Se trata de un mediometraje que presenta muchas similitudes con los relatos rohmerianos: ambiente estival, encuentros fortuitos, personajes que buscan reconstruirse durante las vacaciones, cortocircuito de deseos no sincronizados... Una madre y su hija alquilan un apartamento en la costa normanda: la madre (Patricia) es extrovertida y busca un rollito de verano a la antigua (por este orden: playa, salidas, discoteca, alcohol moderado, sexo sin compromiso), mientras que su hija --Juliette, una perturbadora Constance Rousseau-- se mantiene en un segundo y censurador segundo plano. Patricia traba amistad con Sylvain, su casero, un buen hombre por los cuatro costados, pero con un aspecto nada sensual y luego, justo cuando Sylvain está a punto de lanzarse, con Gilles, un policía local, el típico seductor (rudo y tosco pero más lanzado y de buen ver) que sin duda encaja mejor con el prototipo de rollo veraniego que tiene en mente Patricia.
El título de la película hace referencia al ambiente de esas poblaciones en las que viven hombres como Sylvain y Gilles: excepto en los meses estivales, apenas hay mujeres, y los hombres se las apañan para sobrevivir como pueden y, quizás, esperan florecer en verano (todo esto es mera especulación, porque la película sólo muestra la anécdota mínima de la competición entre ambos hombres por Patricia). La esperanza de encontrar un amor, la estabilidad, o simplemente pasar un rato agradable mientras nuestra apariencia aún sirva de gancho. Pero también está la actitud de Juliette: rechaza a los jóvenes de su edad, censura la actitud alocada de su madre y sólo parece sentirse a gusto en la soledad de sus lecturas. La película de Brac también plantea la curiosa inversión de roles de las generaciones en liza: la nuestra se niega a renunciar a los tópicos de la juventud ochentera/noventera, mientras que la de nuestros hijos ensaya nuevas fórmulas, vistos los fracasos de la de sus progenitores.
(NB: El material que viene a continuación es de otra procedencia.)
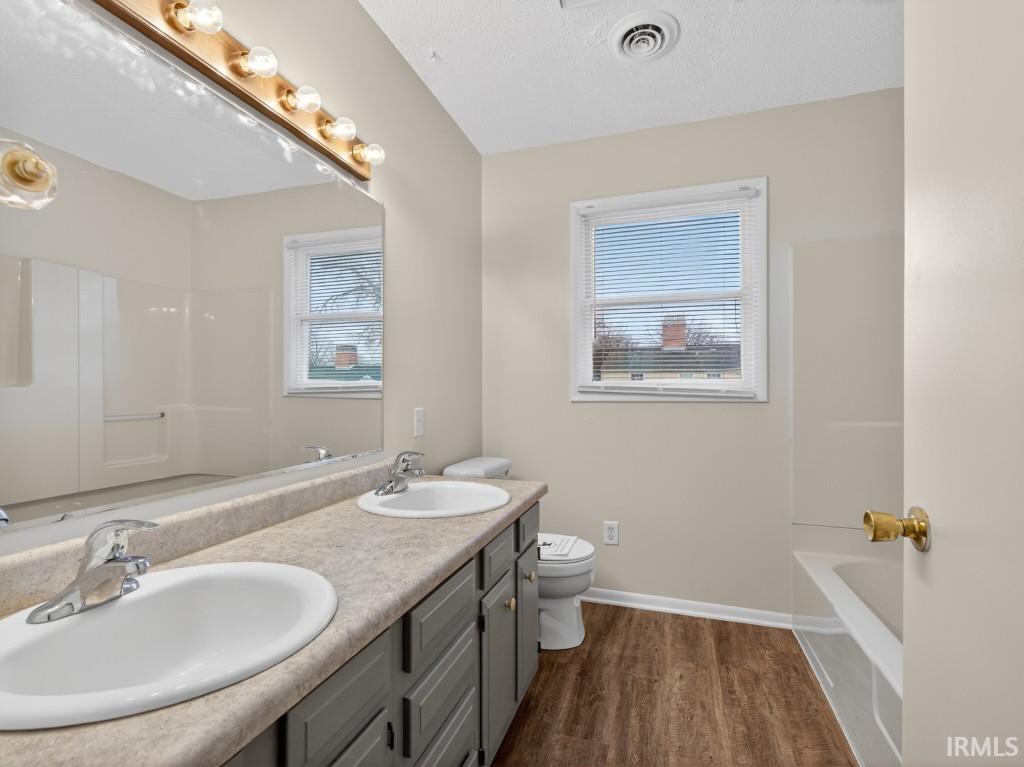 924 East Washington Center Road Fort Wayne, IN 46825 - Photo 24 of 32 Gallery Image 24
O puede que --una vez más-- haga esta lectura porque sigo bajo el influjo de mi estado de sentimientos...
Admito que es posible que esta segunda interpretación sea involuntaria, que surja inevitable en los espectadores de mi generación, que somos juez, parte y problema en este asunto (los paralelismos con Rohmer que incorporo --biográficos o por simple bagaje cinematográfico-- contribuyen bastante), pero lo cierto es que Brac ha conseguido un filme sensible y para contarlo se ha tomado exactamente el tiempo que necesita, ajeno totalmente a las duraciones estandarizadas que suele imponer el mercado. Me recuerda bastante a Los exiliados románticos (2015) de Jonás Trueba y a La isla bonita (2015) de Fernando Colomo: duración, anécdota estival, perspectiva estilística, análisis generacional... Sin duda, dar la espalda a toda clase de convenciones es saludable para los cineastas en particular (en cualquier momento de su carrera) y para los espectadores inquietos en general (en cualquier momento de nuestras vidas).